Showing posts with label Charles Dickens. Show all posts
Showing posts with label Charles Dickens. Show all posts

Tuesday, May 21, 2013

The Importance of Saying No



I have always had a hard time saying “no.” I like people, and I always want to help good causes. This has led to years of low pay in the nonprofit sector, tons of overwork, lots of volunteer hours, and on the good side, an awful lot of great friends. It also leads periodically to a terrible feeling of overload, that point I get to when I have so many urgent or overdue or essential tasks to do that I’m paralyzed. How do you prioritize when everything needs to be done RIGHT NOW?

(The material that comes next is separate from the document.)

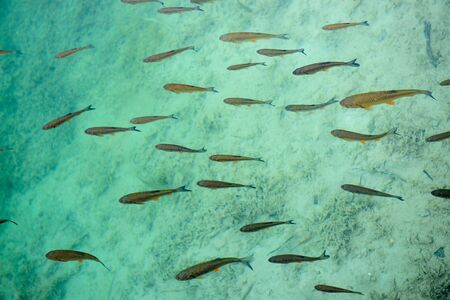 Fish swimming in  the Plitvice lakes area in Croatiaの写真素材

When I get to that point, I have to move into To-Do Triage. I list everything that’s demanding my attention (and get the most depressing multi-page list). Then I move down the list, asking myself, “What will happen if I don’t do this today?” If it isn’t job loss, client loss, contract violation, child endangerment, arrest, etc., it doesn’t go on the much tinier list to be dealt with right now.

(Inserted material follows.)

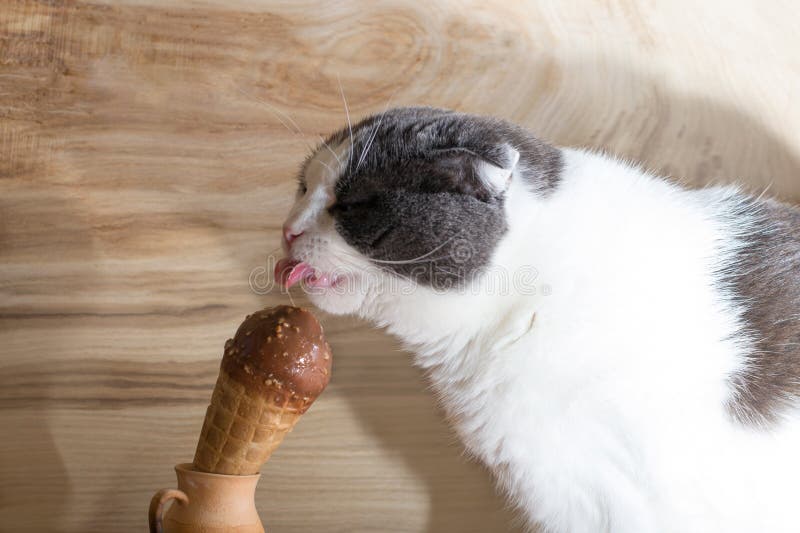 360+ Cat Eat Ice Cream Stock Photos, Pictures & Royalty-Free Images - iStock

The trouble is that you can’t live your life in To-Do Triage. At least, I can’t. Not as a permanent lifestyle. Sooner or later, you have to learn to say “no.” Even when it’s difficult. Even when it’s going to hurt someone’s feelings (whether it should or not). Even when it’s something you’d like to do. At least, if you want to write, you will. Sooner or later, you have to learn to guard your time like a mother eagle with her nestlings. And sooner or later, you’ll find yourself having to relearn it all over again. At least, I do. (Maybe I’m just a slow learner, and all the rest of you can learn this lesson once and for all, but it keeps coming up in new guises in my life.)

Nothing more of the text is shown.